Students at Pinecrest have the opportunity to participate in community service club K-Kids, a youth version of the Kiwanis club. An emphasis is placed on leadership and autonomy: The students elect their own officers and decide democratically what projects they will take on. One year, they made dog toys out of old (clean) T-shirts and donated them to local animal shelters. “It’s really a student-led group,” says McDermott. “It’s driven by their interests and needs.”
The principle of “tikkun olam,” healing the world, is a central philosophy at Gesher. From junior kindergarten, students are encouraged to be giving members of their community, practicing kindness to animals and treating others the way they wish to be treated. From sixth grade and on, students go out into the community, supporting the sick and hungry, including collecting food for and visiting local shelters and food banks.

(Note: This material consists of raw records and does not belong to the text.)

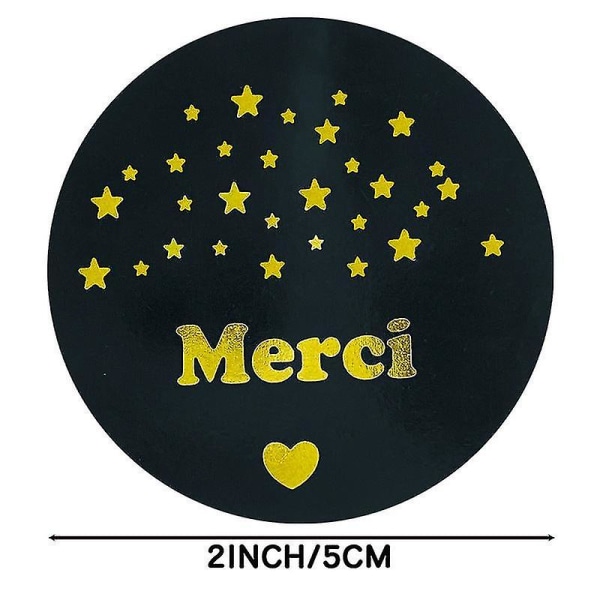 2x500 stk Gilding French Merci Thank You Sticker Label Tape Xmas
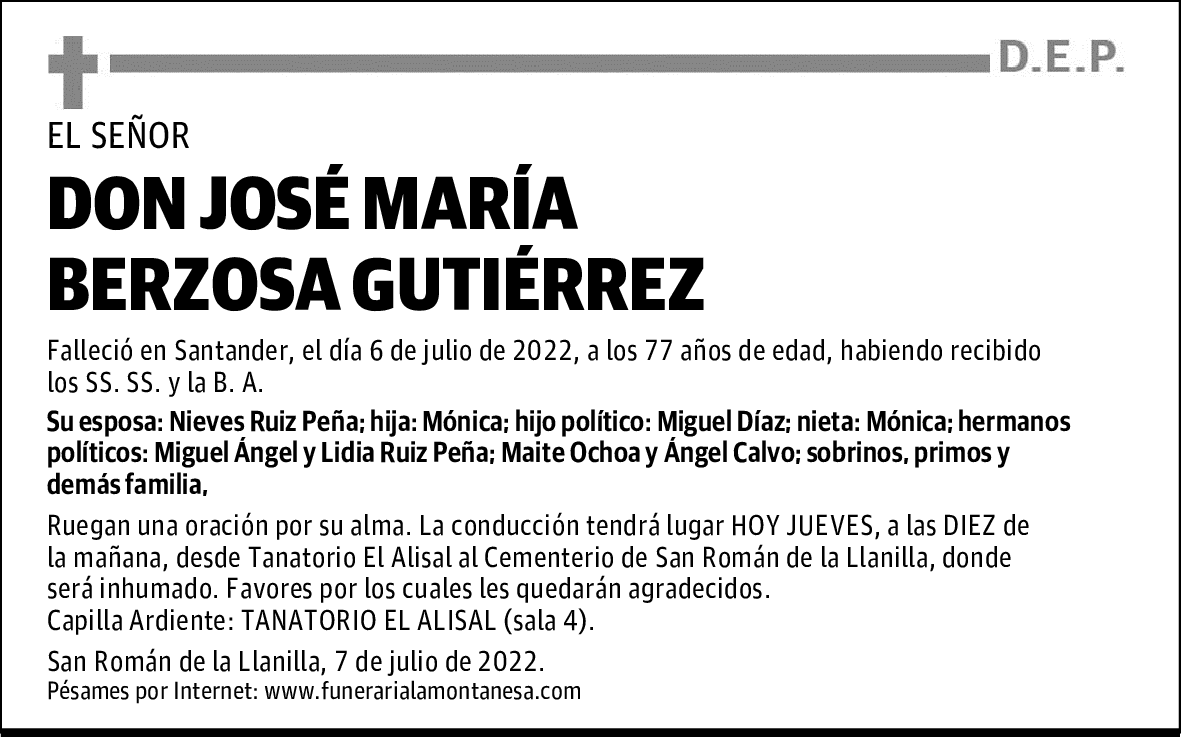 DON JOSÉ MARÍA BERZOSA GUTIÉRREZ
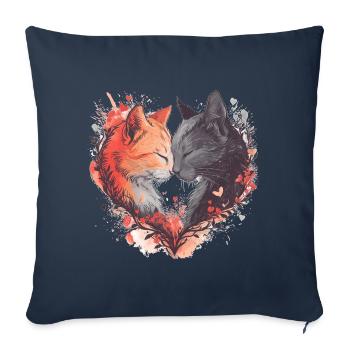 True love Katzen - Sofakissenbezug 45 x 45 cm - Navy - Vorne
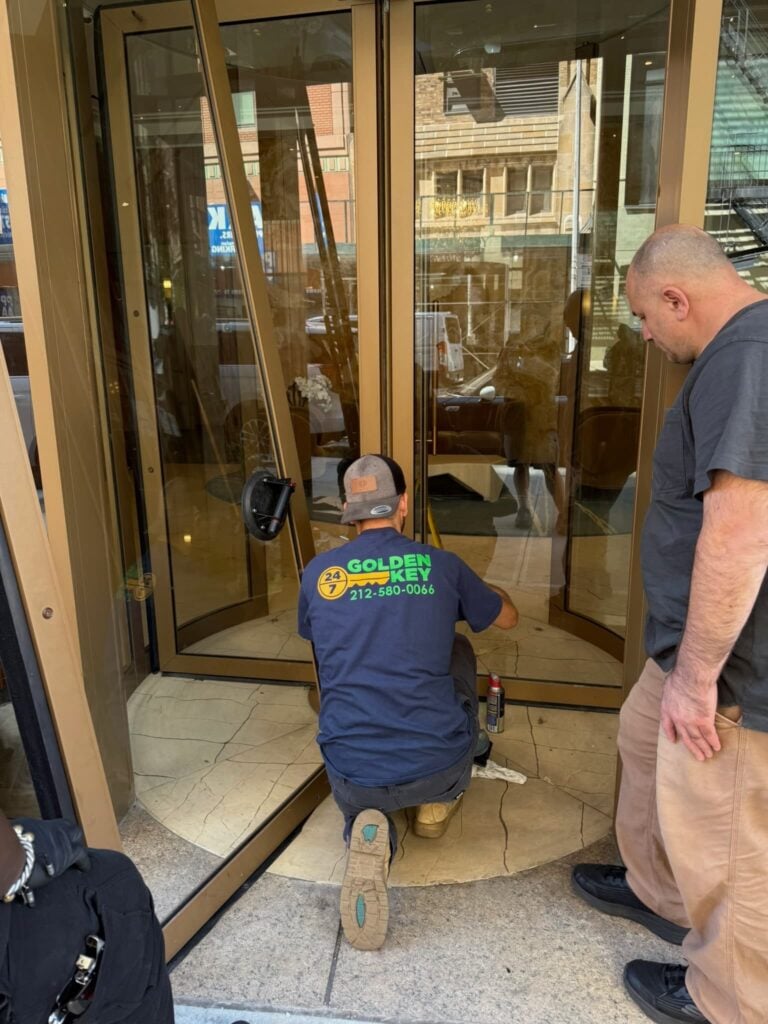 Golden Key Locksmith NYC — professional — locksmith repairing a broken lock mechanism at a Manhattan townhouse in Upper West Side, Manhattan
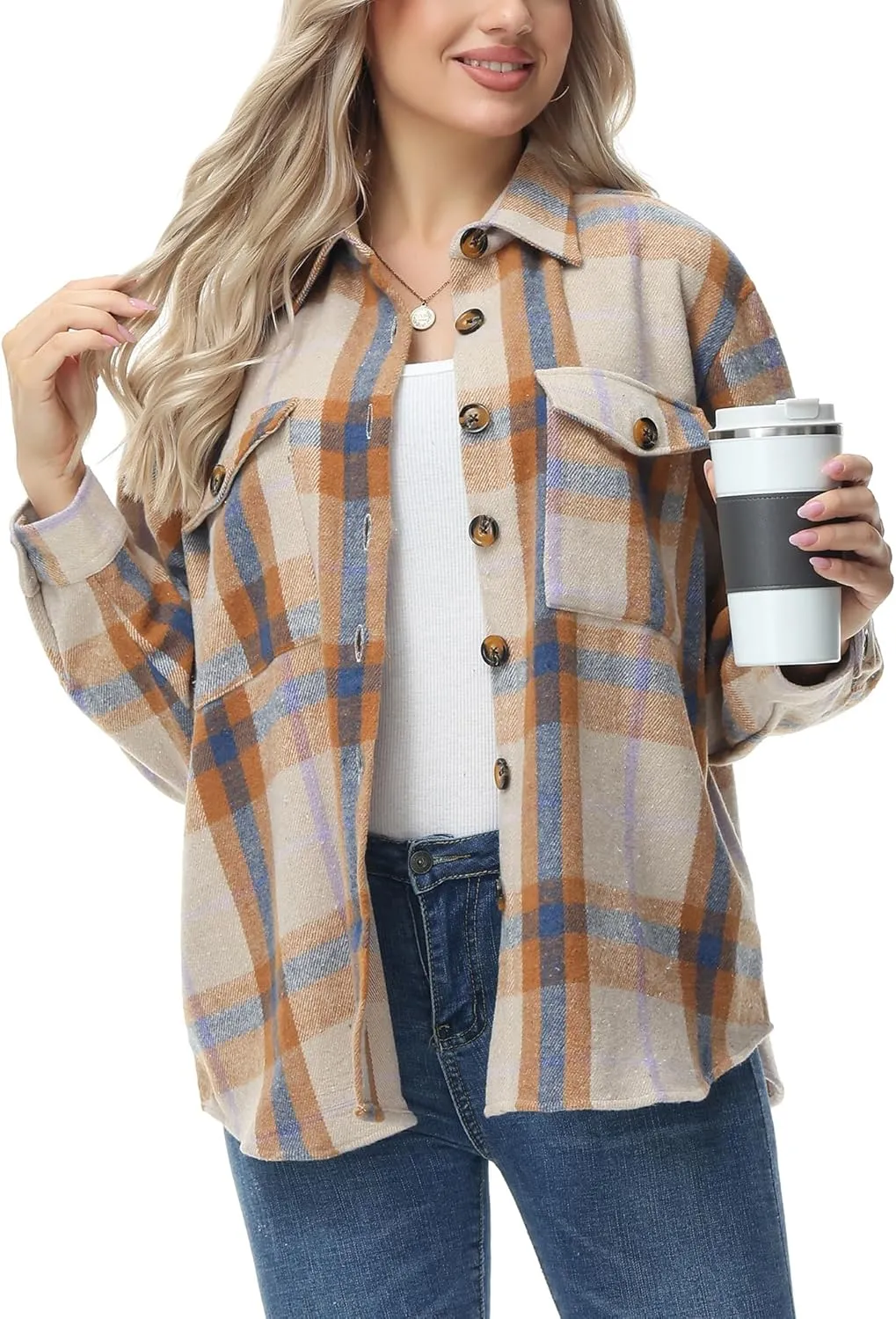 MCEDAR Women's Oversizes Plaid Shacket Jacket Casual Lapel Long Sleeve Button Down Plus Size Flannel Shirt (S-4X)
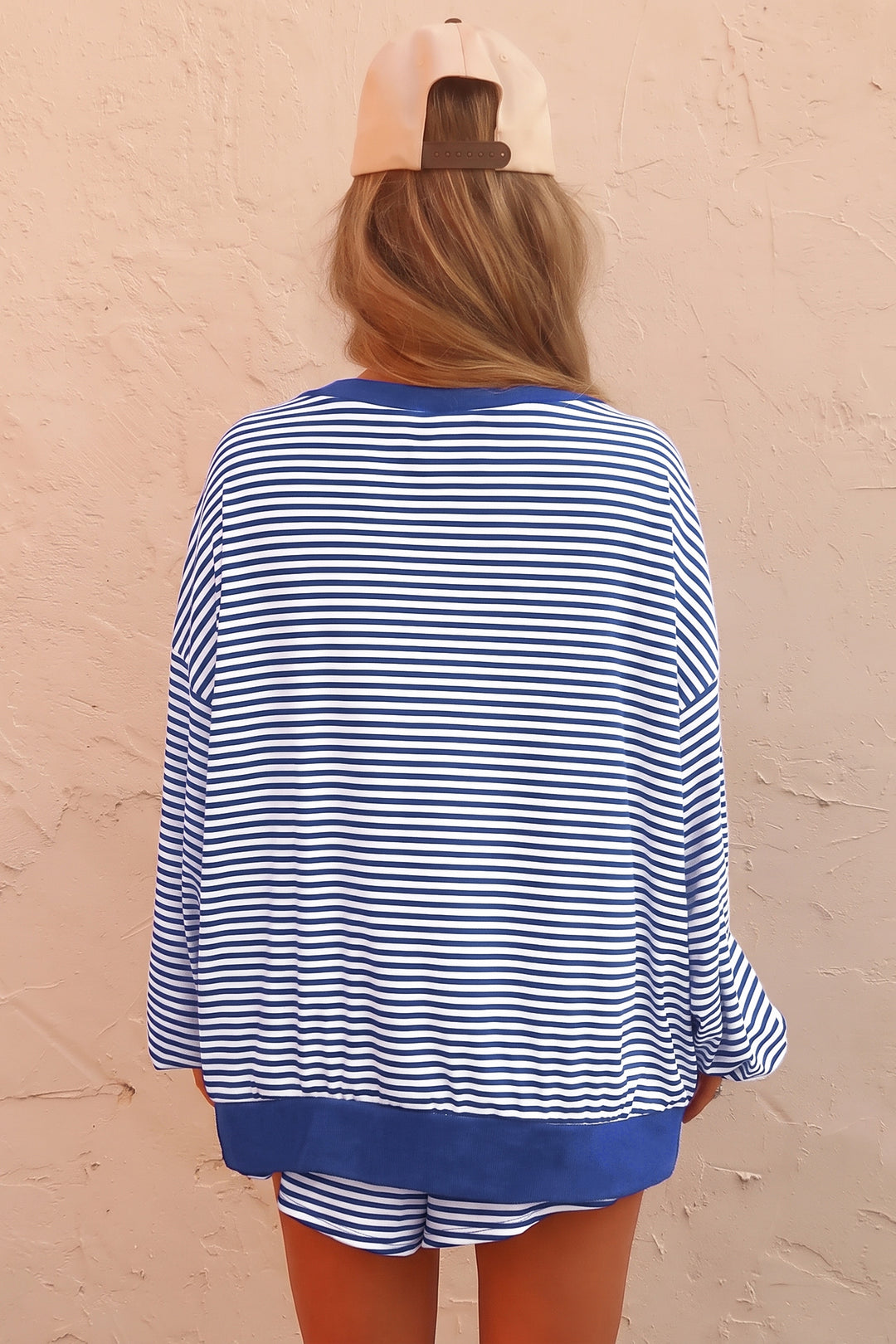 Brown Stripe Oversized Long Sleeve Top Drawstring Loose Shorts 2pcs Set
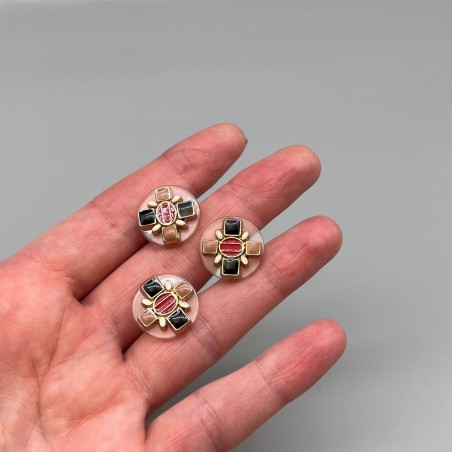 Пуговицы пластик прозрачные с цветными вставками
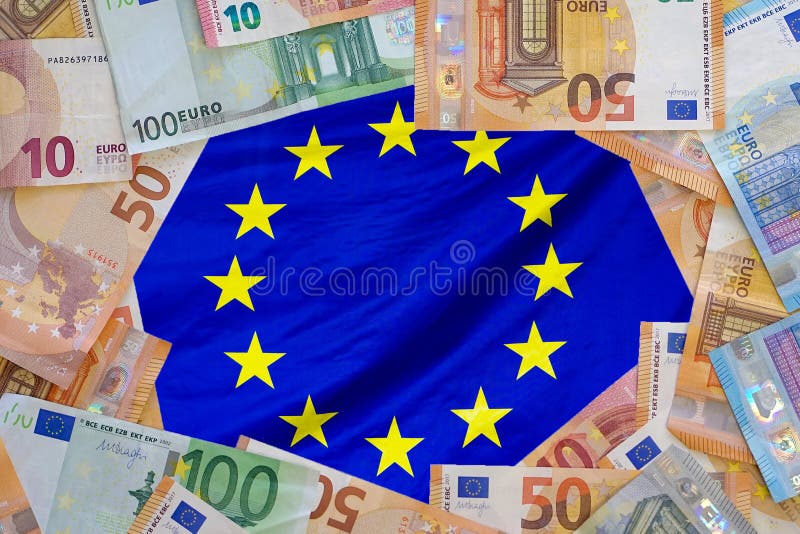 Flag of European Union on the Euro banknotes background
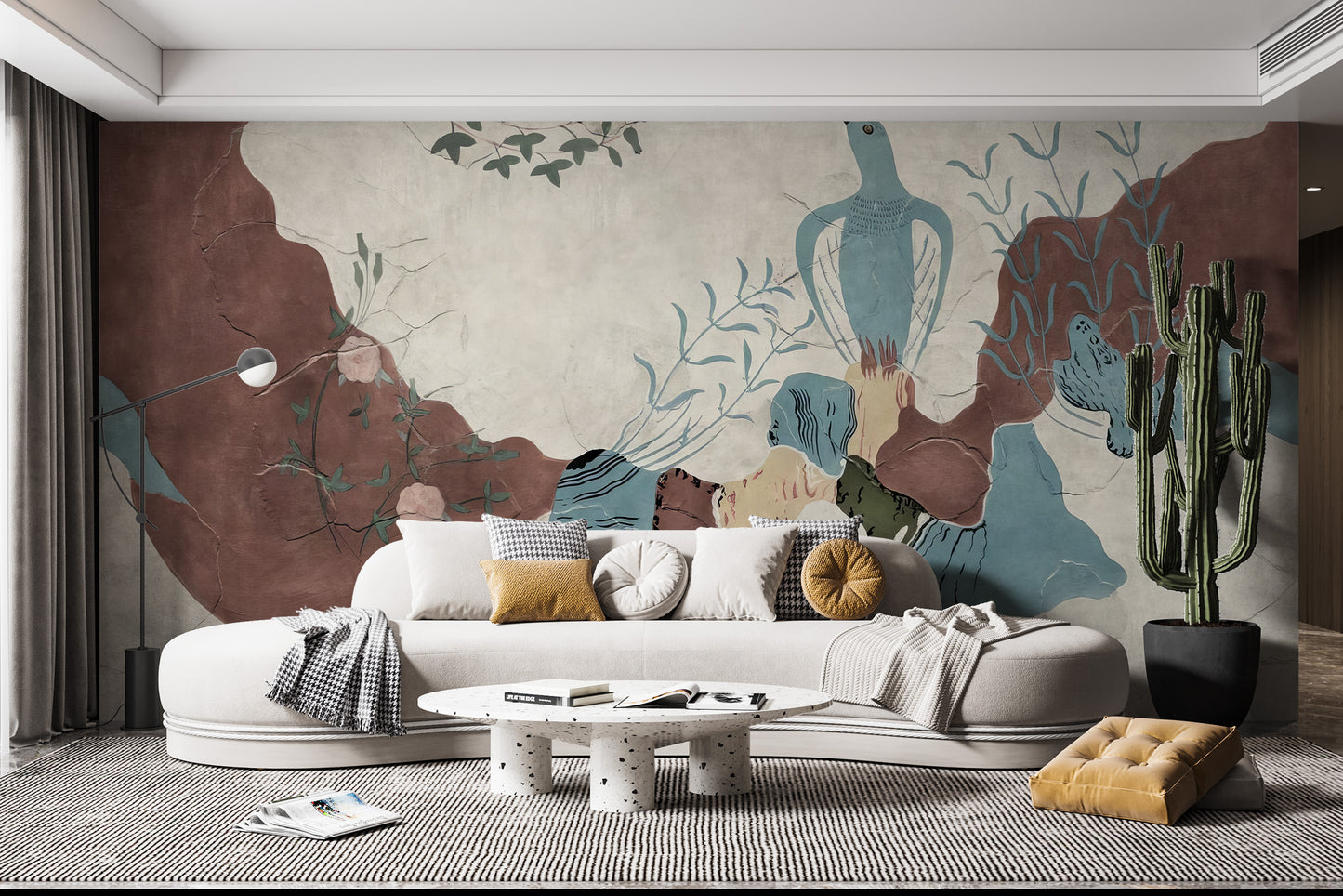 Elegant vintage abstract mural for timeless wall design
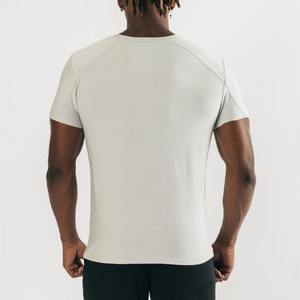 Ropa de gimnasio para hombre, Camiseta lisa de manga corta con cuello redondo, 100% algodón y poliéster, ropa deportiva suave ajustada para ejercicio deportivo - Product Image 6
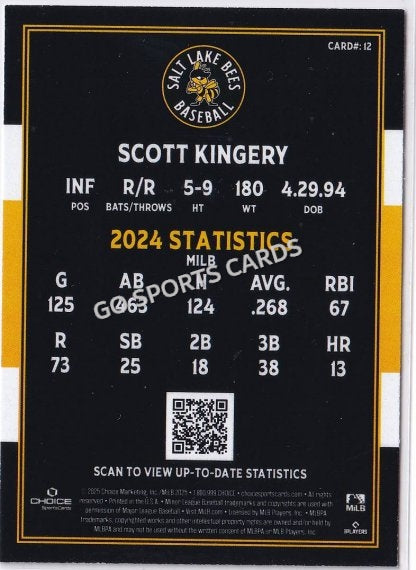 2025 Salt Lake Bees Scott Kingery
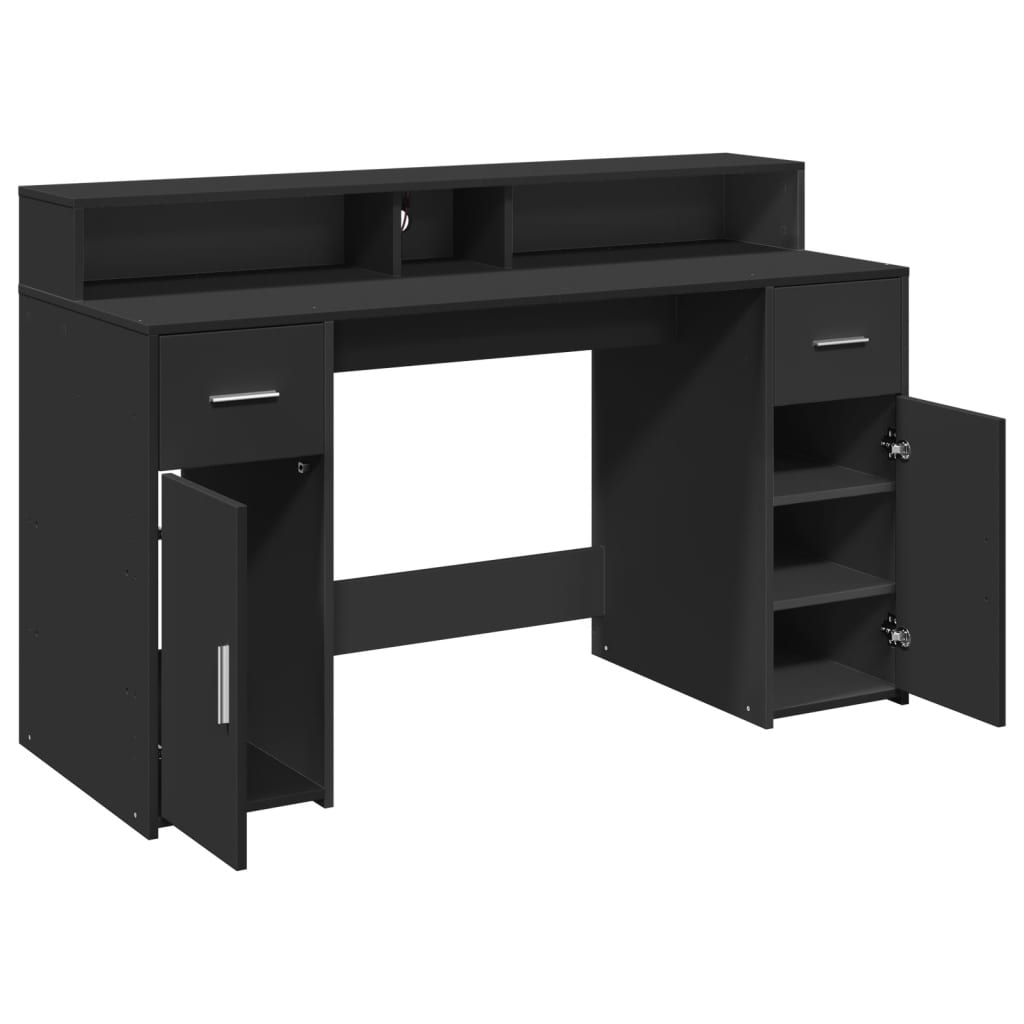 Secretária c/ luzes LED 140x55x91 cm derivados de madeira preto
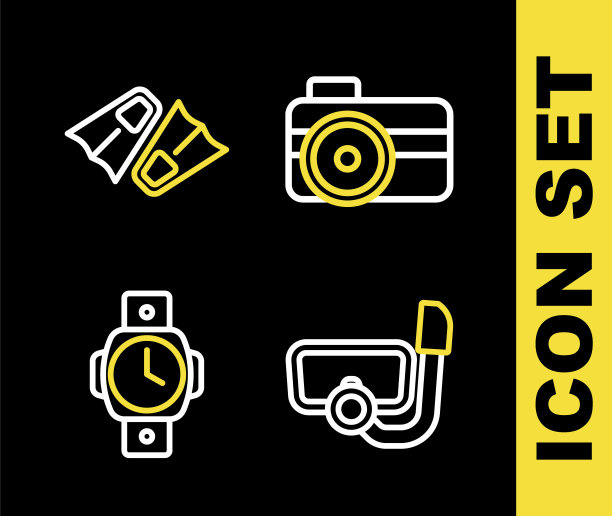 设置潜水员摄影相机，带通气管的潜水面罩，手表和鳍状肢游泳图标。向量图片下载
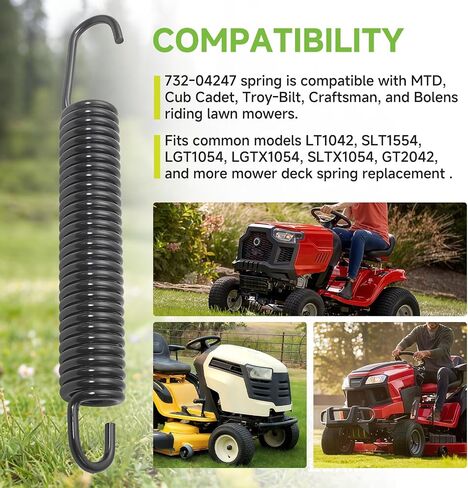 732-04247 Extension Spring Compatible with MTD Cub Cadet Troy-Bilt Craftsman Riding Lawn Mowers LT1042 SLT1554 LGT1054 LGTX1054 42" 50" 54" Deck Belt Tension Spring Replacement Parts in Kuwait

“My favorite is when a group of students hears about an issue and wants to do something about it spontaneously,” says Finkel. “That says volumes about their own understanding of how they can help the world, much more than any curricular piece.”
Because a school setting can be a catalyst for how children understand their place in the world, when examining schools to best suit your family and your child, Cahill recommends thinking in three-year increments. This is not, she clarifies, to say that students should change schools every three years, but that families should plan to examine a child’s school placement every three years and ask if it still makes sense, whether the environment is still the best one for the child and the family.
“What you don’t want is to place your child as a 5-year-old and suddenly they’re 13 and they’re bored, angry and overwhelmed.”